§ TASK DETAILS
Return the data below unchanged. Drop any pictures.

[Crawled caption data]
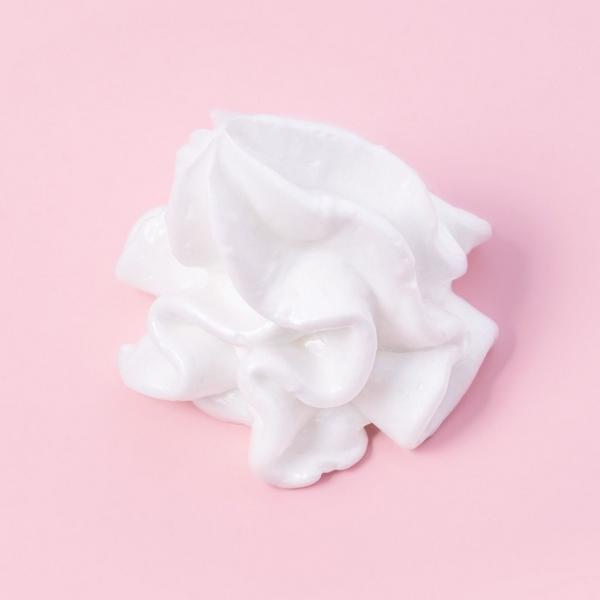 Saturday Skin Pretty Pop Probiotic Power Whipped Cream #2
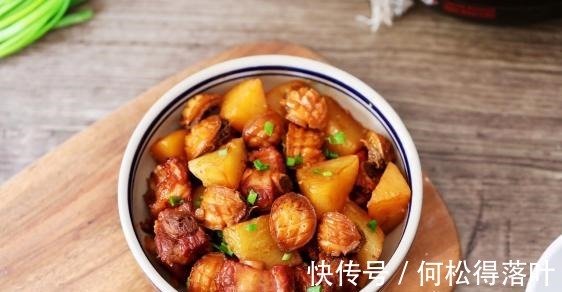 这么做土豆太香了,妥妥的待客硬菜,营养全面十足!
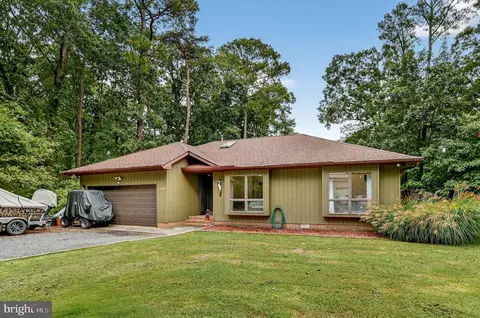 2235 Brigantine Blvd, Greenbackville, VA 23356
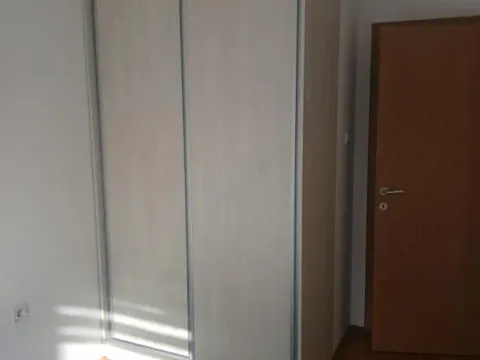 Izdavanje, dvosoban stan, 41m², Centar, Novi Sad - image 6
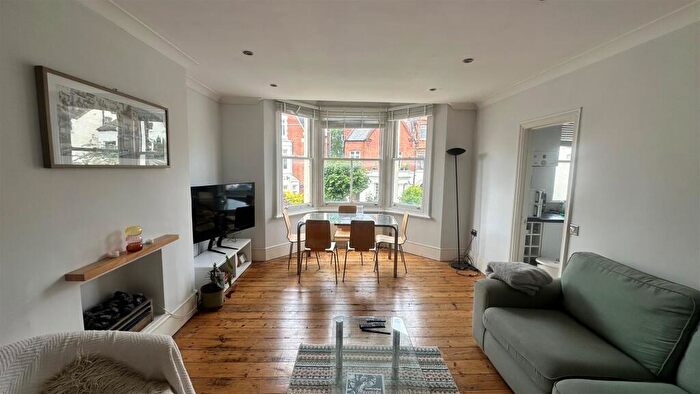 2 Bedroom Flat To Rent In Romola Road, Brockwell Park, SE24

§ REPLY TO THE TASK
 Saturday Skin Pretty Pop Probiotic Power Whipped Cream #2
 这么做土豆太香了,妥妥的待客硬菜,营养全面十足!
 2235 Brigantine Blvd, Greenbackville, VA 23356
 Izdavanje, dvosoban stan, 41m², Centar, Novi Sad - image 6
 2 Bedroom Flat To Rent In Romola Road, Brockwell Park, SE24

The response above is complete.